Exercise 1: Write a function that removes outliers in a dataset. The user should be able to supply the dataset, the variables to remove outliers from, and a threshold on the number of SDs away from the mean used to define outliers. Hint 1: You will need to calculate a z-score to filter the values! Hint 2: You might want to consider specifying a default value (e.g., 3) for sd_thresh.

Testing Your Function!

## Testing how your function handles multiple input variables
remove_outliers(diamonds, 
                price, 
                x, 
                y, 
                z)

## Testing how your function handles an input that isn't numeric
remove_outliers(diamonds, 
                price, 
                color)

## Testing how your function handles a non-default sd_thresh
remove_outliers(diamonds, 
                price,
                x, 
                y, 
                z, 
                sd_thresh = 2)

Exercise 2: Write a function that imputes missing values for numeric variables in a dataset. The user should be able to supply the dataset, the variables to impute values for, and a function to use when imputing. Hint 1: You will need to use across() to apply your function, since the user can input multiple variables. Hint 2: The replace_na() function is helpful here!

Testing Your Function!

## Testing how your function handles multiple input variables
impute_missing(nycflights13::flights, 
               arr_delay, 
               dep_delay) 

## Testing how your function handles an input that isn't numeric
impute_missing(nycflights13::flights, 
               arr_delay, 
               carrier)

## Testing how your function handles a non-default impute_fun
impute_missing(nycflights13::flights, 
               arr_delay, 
               dep_delay, 
               impute_fun = median)

Primary Function

Exercise 3: Write a fit_model() function that fits a specified linear regression model for a specified dataset.
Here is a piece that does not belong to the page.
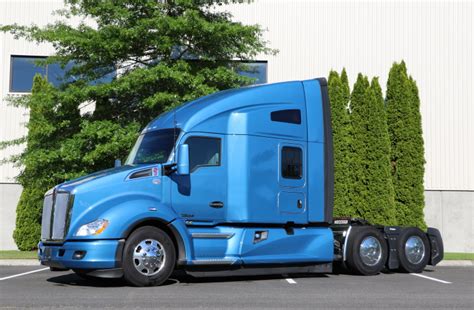 Kenworth Donates T680 76 Inch Sleeper With Paccar Powertrain As 2021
The function should:

  • allow the user to specify if outliers should be removed (TRUE or FALSE)
  • allow the user to specify if missing observations should be imputed (TRUE or FALSE)

If either option is TRUE, your function should call your remove_outliers() or impute_missing() functions to modify the data before the regression model is fit.

Testing Your Function!

fit_model(
  diamonds,
  mod_formula = price ~ carat + cut,
  remove_outliers = TRUE,
  impute_missing = TRUE,
  price, 
  carat
)

Iteration

In the diamonds dataset, we want to understand the relationship between price and size (carat). We want to explore variation along two choices:

  1. The variables included in the model. We’ll explore 3 sets of variables:

    • No further variables (just price and carat)
    • Adjusting for cut
    • Adjusting for cut and clarity
    • Adjusting for cut, clarity, and color
  2. Whether or not to impute missing values

  3. Whether or not to remove outliers in the carat variable (we’ll define outliers as cases whose carat is over 3 SDs away from the mean).

Parameters

First, we need to define the set of parameters we want to iterate the fit_model() function over. The tidyr package has a useful function called crossing() that is useful for generating argument combinations. For each argument, we specify all possible values for that argument and crossing() generates all combinations. Note that you can create a list of formula objects in R with c(y ~ x1, y ~ x1 + x2).

df_arg_combos <- crossing(
    impute = c(TRUE, FALSE),
    remove_outliers = c(TRUE, FALSE), 
    mod = c(y ~ x1, 
            y ~ x1 + x2)
)
df_arg_combos

Exercise 4: Use crossing() to create the data frame of argument combinations for our analyses.

Iterating Over the Parameters

We’ve arrived at the final step!

Exercise 5: Use pmap() from purrr to apply the fit_model() function to every combination of arguments from `diamonds.